DATA EXTRACT —
---------------
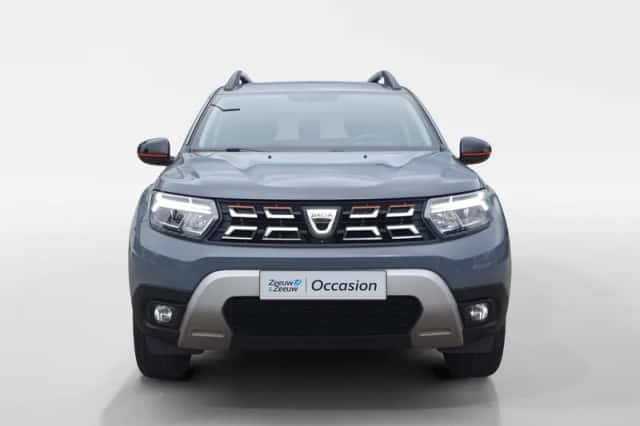 Dacia Duster (2022) thumbnail 2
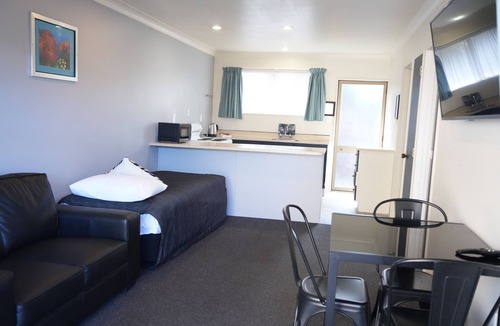 Palmerston North Hotel | ACCOMMODATION GATEWAY MOTEL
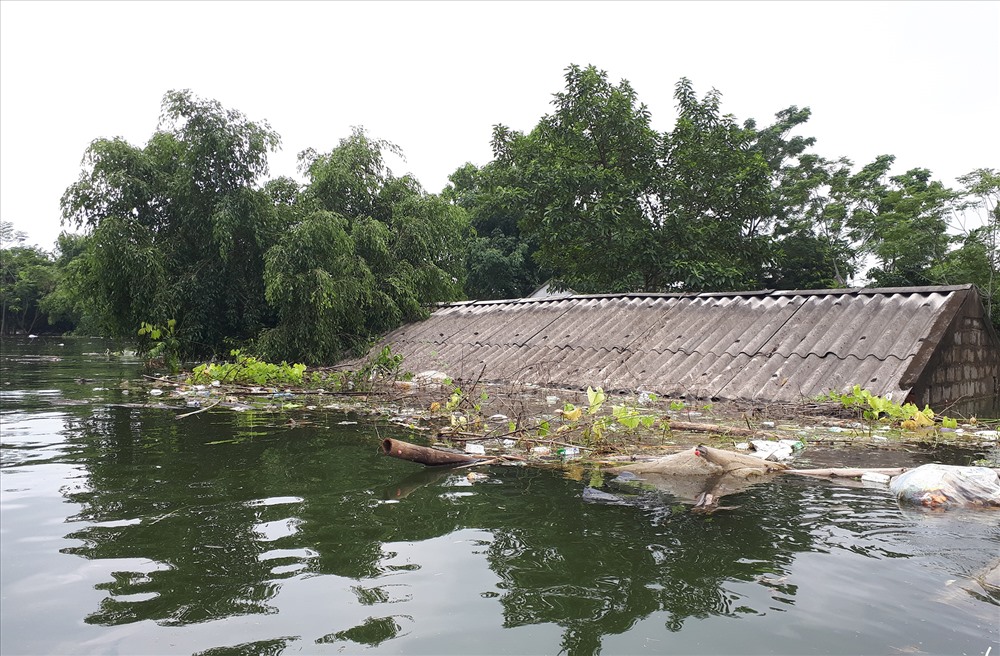 Sau hơn 1 tuần, hiện tại mực nút dâng lên vẫn khá cao. Nhiều nơi trong thôn Nam Hài (xã Nam Phương Tiến), mực nước lên tới gần 3m, ngập hết cả nhà nhiều hộ dân.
---------------
WORK ITEM — A word-for-word copy of the lines from the one with "Palmerston North Hotel" through the last line of the data above is required, with both end lines included and no pictures.

EXERCISE RESULT —
 Palmerston North Hotel | ACCOMMODATION GATEWAY MOTEL
 Sau hơn 1 tuần, hiện tại mực nút dâng lên vẫn khá cao. Nhiều nơi trong thôn Nam Hài (xã Nam Phương Tiến), mực nước lên tới gần 3m, ngập hết cả nhà nhiều hộ dân.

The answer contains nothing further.